Activity: With the line that contains "Load image into" as the first line, output exactly every line through the end of the material.

──────── Provided information ────────

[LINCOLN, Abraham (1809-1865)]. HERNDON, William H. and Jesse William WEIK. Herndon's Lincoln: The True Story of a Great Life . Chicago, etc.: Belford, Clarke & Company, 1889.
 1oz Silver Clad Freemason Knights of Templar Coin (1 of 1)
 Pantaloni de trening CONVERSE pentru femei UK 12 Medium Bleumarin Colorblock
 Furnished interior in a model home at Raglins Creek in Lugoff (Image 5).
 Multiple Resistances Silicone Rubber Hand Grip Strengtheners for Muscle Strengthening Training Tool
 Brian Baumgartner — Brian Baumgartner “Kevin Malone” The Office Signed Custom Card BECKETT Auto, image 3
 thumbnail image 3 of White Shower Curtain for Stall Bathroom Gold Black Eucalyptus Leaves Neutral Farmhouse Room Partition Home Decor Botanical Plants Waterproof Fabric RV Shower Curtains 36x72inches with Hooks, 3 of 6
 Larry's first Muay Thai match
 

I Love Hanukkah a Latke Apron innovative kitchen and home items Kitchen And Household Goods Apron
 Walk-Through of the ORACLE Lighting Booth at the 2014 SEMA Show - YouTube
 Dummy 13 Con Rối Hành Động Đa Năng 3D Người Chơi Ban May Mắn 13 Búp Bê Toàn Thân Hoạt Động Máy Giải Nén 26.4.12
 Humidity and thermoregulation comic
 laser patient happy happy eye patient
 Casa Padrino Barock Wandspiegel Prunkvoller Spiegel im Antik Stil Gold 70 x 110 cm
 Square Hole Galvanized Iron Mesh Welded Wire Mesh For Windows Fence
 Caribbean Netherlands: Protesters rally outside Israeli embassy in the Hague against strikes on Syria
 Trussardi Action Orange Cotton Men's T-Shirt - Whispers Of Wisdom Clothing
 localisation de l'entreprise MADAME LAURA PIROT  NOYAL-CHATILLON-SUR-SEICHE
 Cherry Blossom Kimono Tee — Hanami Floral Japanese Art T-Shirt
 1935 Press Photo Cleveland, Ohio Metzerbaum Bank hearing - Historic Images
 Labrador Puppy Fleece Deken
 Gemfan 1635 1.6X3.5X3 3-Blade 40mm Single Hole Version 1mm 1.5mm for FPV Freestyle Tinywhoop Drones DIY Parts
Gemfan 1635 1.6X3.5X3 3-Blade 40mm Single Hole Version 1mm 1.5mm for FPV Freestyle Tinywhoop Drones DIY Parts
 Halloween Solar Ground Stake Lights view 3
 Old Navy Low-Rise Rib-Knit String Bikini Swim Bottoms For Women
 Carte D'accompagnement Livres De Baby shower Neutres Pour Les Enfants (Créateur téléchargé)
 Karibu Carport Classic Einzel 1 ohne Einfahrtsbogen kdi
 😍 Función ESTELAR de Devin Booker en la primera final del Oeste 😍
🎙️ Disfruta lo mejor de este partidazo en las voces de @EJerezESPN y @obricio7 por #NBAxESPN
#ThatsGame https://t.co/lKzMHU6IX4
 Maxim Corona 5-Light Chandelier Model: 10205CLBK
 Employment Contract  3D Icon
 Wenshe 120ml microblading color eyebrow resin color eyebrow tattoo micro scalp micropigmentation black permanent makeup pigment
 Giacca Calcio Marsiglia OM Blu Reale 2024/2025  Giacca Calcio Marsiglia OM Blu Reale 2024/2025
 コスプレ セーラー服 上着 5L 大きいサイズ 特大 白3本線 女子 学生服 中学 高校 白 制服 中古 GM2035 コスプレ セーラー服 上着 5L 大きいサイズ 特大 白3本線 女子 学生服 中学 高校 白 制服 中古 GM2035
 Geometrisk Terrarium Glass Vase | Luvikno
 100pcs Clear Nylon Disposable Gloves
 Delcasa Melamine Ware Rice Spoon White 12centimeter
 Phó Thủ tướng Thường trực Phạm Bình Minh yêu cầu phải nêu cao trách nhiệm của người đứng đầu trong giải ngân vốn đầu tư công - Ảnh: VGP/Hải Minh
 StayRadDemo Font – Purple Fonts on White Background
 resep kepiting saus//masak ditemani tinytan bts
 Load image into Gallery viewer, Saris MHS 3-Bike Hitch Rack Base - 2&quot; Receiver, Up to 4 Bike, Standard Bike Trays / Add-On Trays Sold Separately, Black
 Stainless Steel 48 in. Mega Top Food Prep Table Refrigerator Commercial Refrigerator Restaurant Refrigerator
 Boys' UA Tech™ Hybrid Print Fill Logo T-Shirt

────────

Output:
 Load image into Gallery viewer, Saris MHS 3-Bike Hitch Rack Base - 2&quot; Receiver, Up to 4 Bike, Standard Bike Trays / Add-On Trays Sold Separately, Black
 Stainless Steel 48 in. Mega Top Food Prep Table Refrigerator Commercial Refrigerator Restaurant Refrigerator
 Boys' UA Tech™ Hybrid Print Fill Logo T-Shirt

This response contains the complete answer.